Start of DATA TO USE

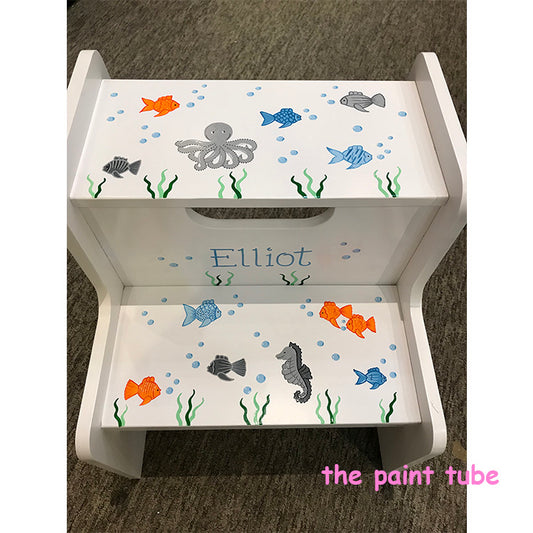 Elliot Under Water Theme 2 Step Up Stool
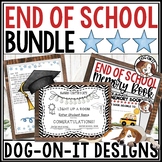 End of Year  Awards Student Letters Memory Book Boom Cards Bundle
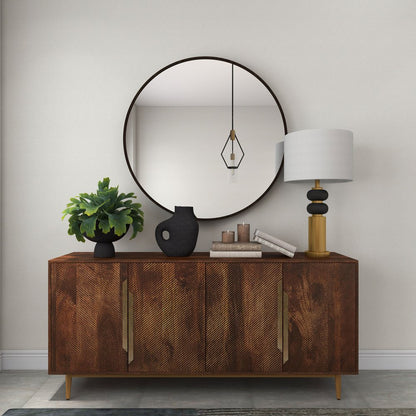 12" Black Aluminum Modern Abstract Table Vase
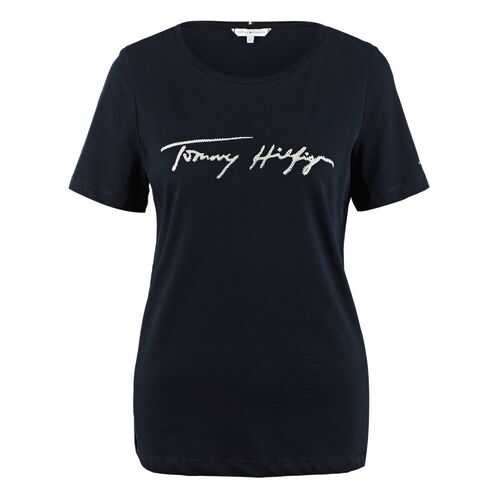 Футболка женская Tommy Hilfiger WW0WW28292 синяя XXS в FiNN FLARE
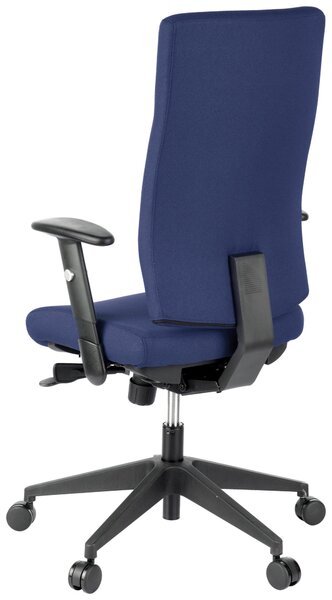OTOČNÁ STOLIČKA, plochá tkanina, tmavomodrá MID.YOU - Online Only kancelárie, Online Only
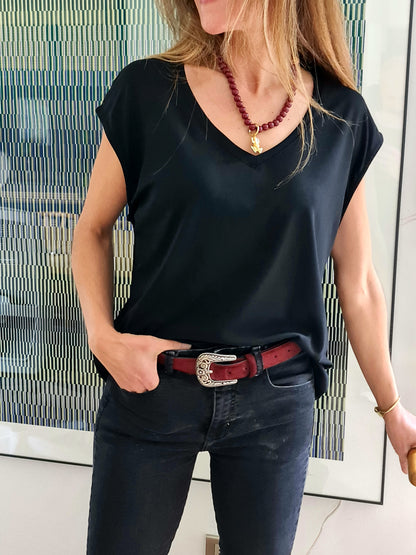 POLERA LOLA NEGRA -10% DCTO.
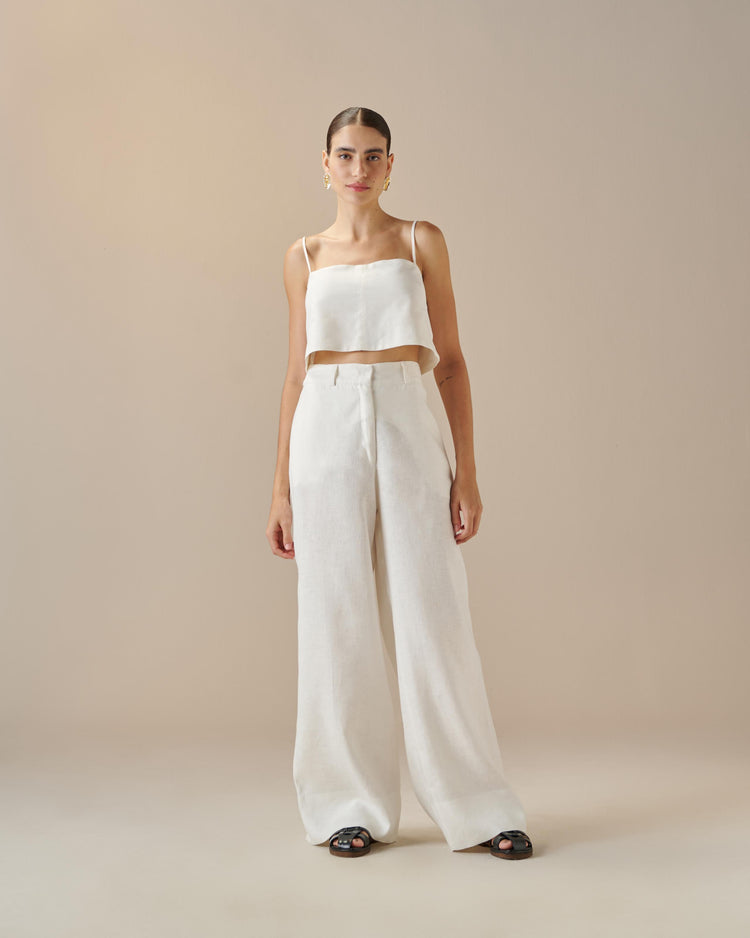 PANTALON GIOVANNA BLANC CASÉ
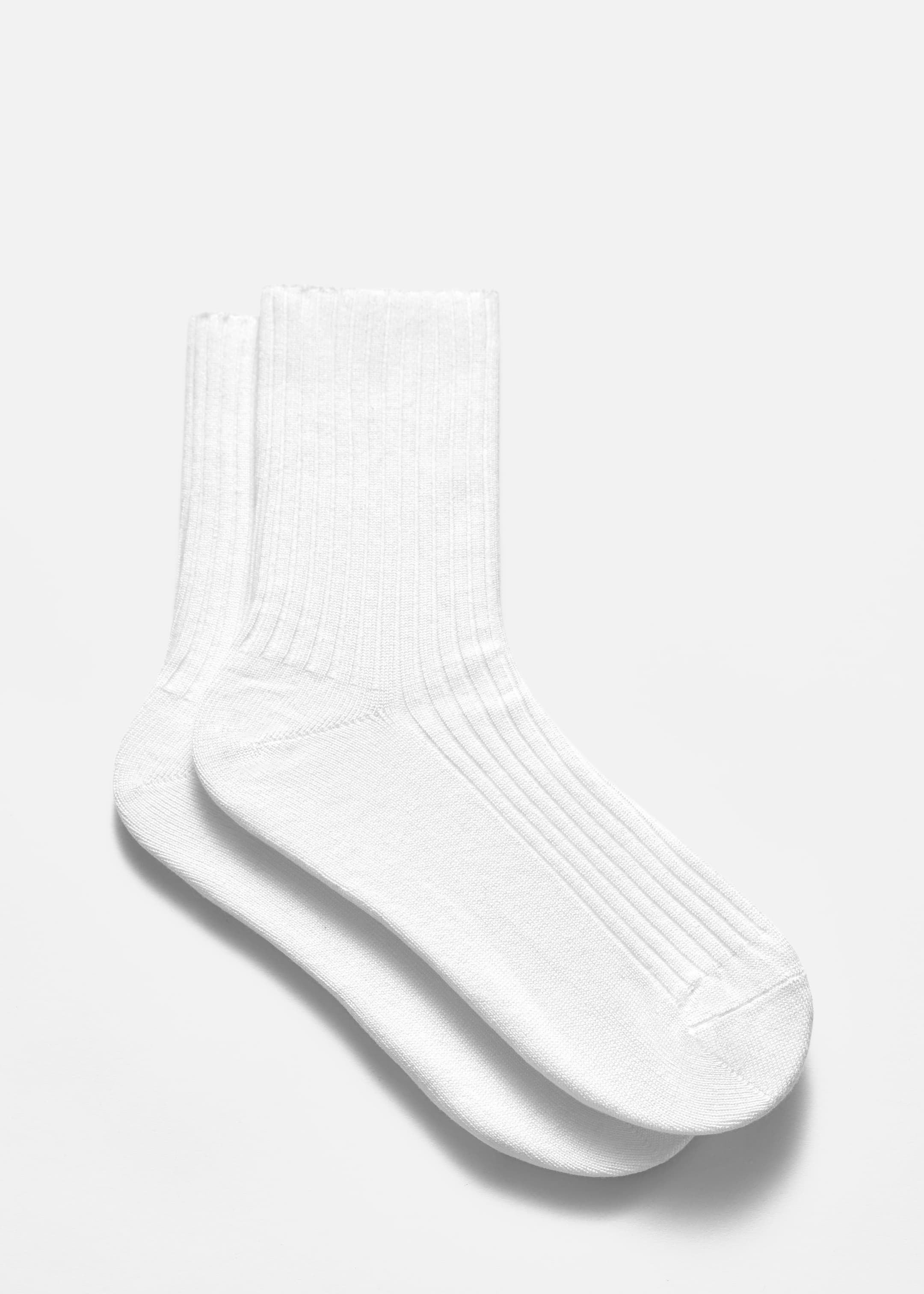 Image of Lot de 2 paires de chaussettes en coton côtelé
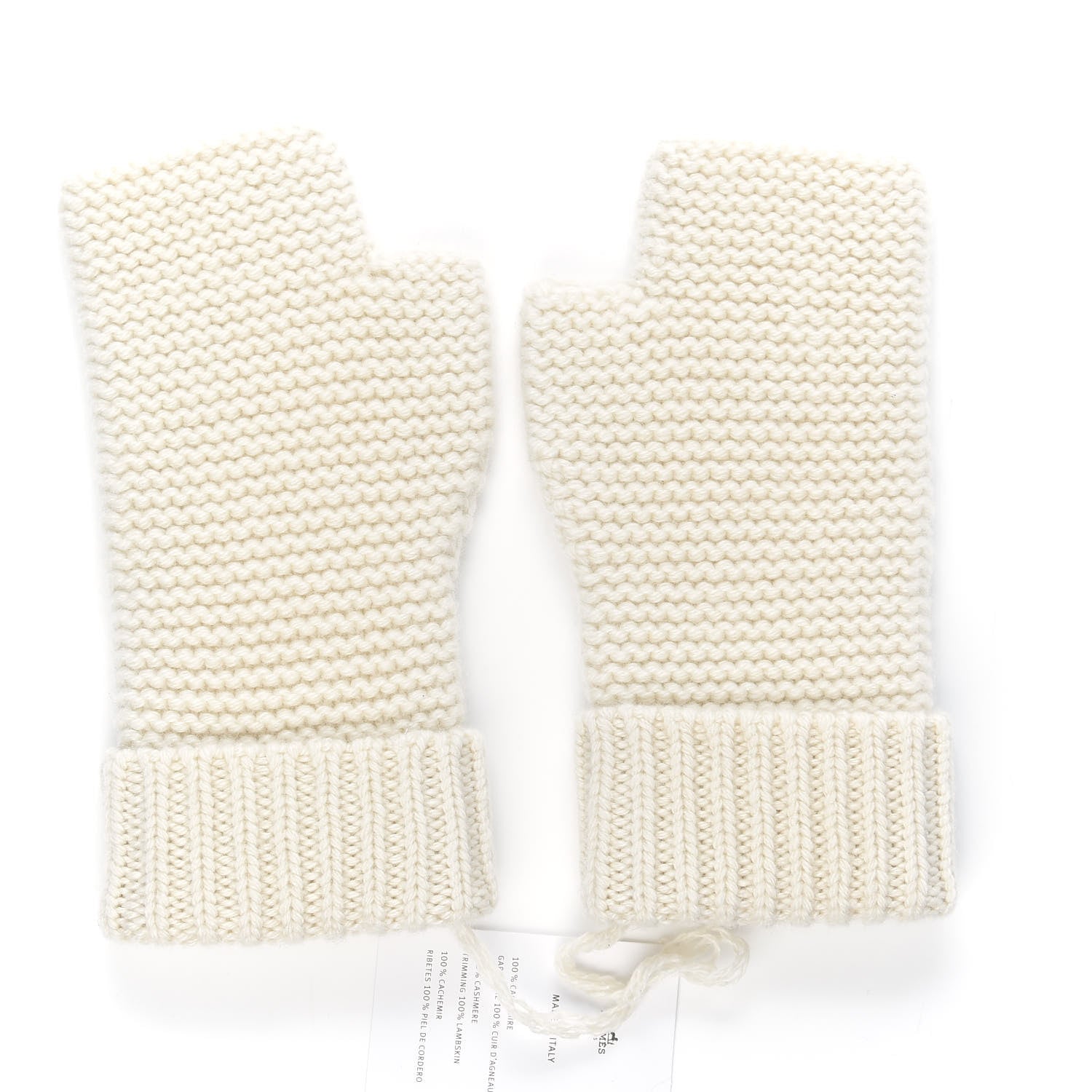 Hermes Cashmere Boston Mittens S 2 of 4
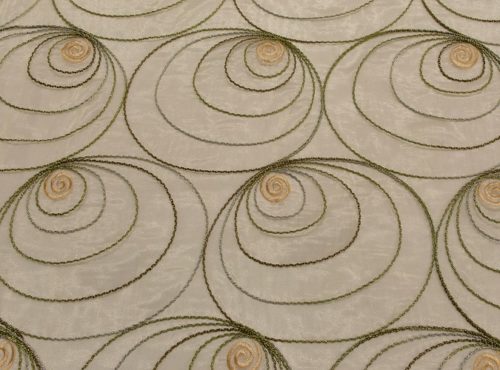 Gold Shimmer Swirl Table Linen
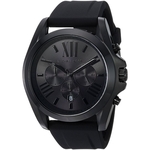 Relógio Michael Kors MK8560 Bradshaw Black Sunray Dial Silicone Strap 43mm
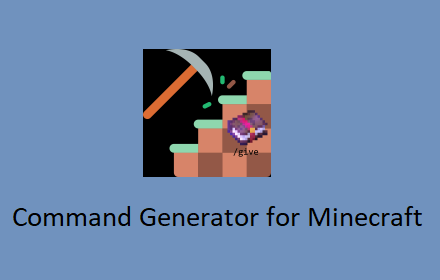 Command Generator for Minecraft™ Preview image 0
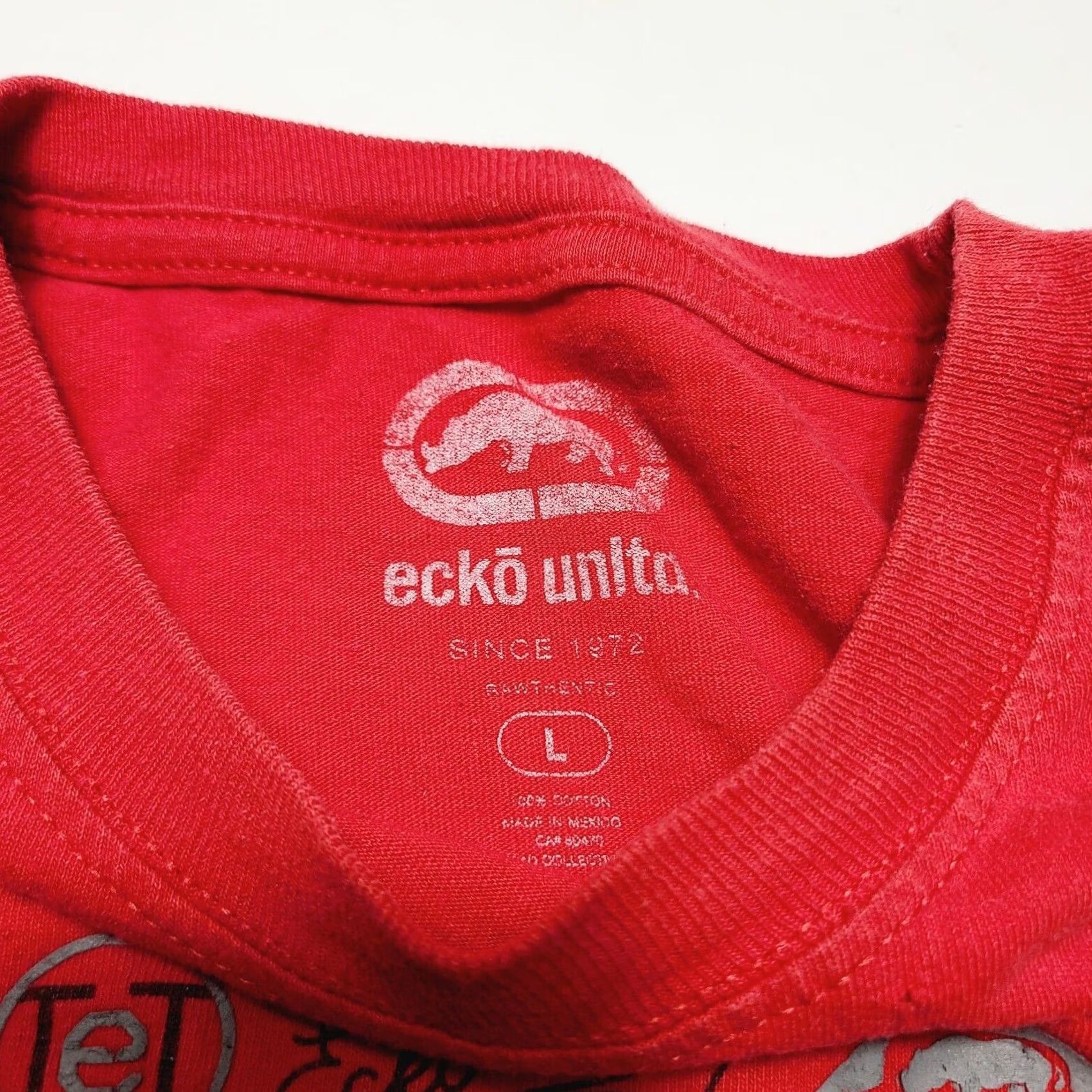 Ecko Unltd. Ecko Unltd T-Shirt Men L Y2K "We Play By Our Own Rules" Graphic Tee Logo Crew Neck Red 100% Cotton Regular Short Sleeve Vintage No Size US L / EU 52-54 / 3 - 3 Thumbnail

End of DATA TO USE

* **YOUR GOAL**
In the answer, the lines from the one containing "Abstract Table Vase" to the end of the records above must be written out exactly, both ends included; the pictures must not appear.

* **OUTPUT OF THE TASK**
 12" Black Aluminum Modern Abstract Table Vase
 Футболка женская Tommy Hilfiger WW0WW28292 синяя XXS в FiNN FLARE
OTOČNÁ STOLIČKA, plochá tkanina, tmavomodrá MID.YOU - Online Only kancelárie, Online Only
 POLERA LOLA NEGRA -10% DCTO.
 PANTALON GIOVANNA BLANC CASÉ
 Image of Lot de 2 paires de chaussettes en coton côtelé
 Hermes Cashmere Boston Mittens S 2 of 4
 Gold Shimmer Swirl Table Linen
 Relógio Michael Kors MK8560 Bradshaw Black Sunray Dial Silicone Strap 43mm
 Command Generator for Minecraft™ Preview image 0
 Ecko Unltd. Ecko Unltd T-Shirt Men L Y2K "We Play By Our Own Rules" Graphic Tee Logo Crew Neck Red 100% Cotton Regular Short Sleeve Vintage No Size US L / EU 52-54 / 3 - 3 Thumbnail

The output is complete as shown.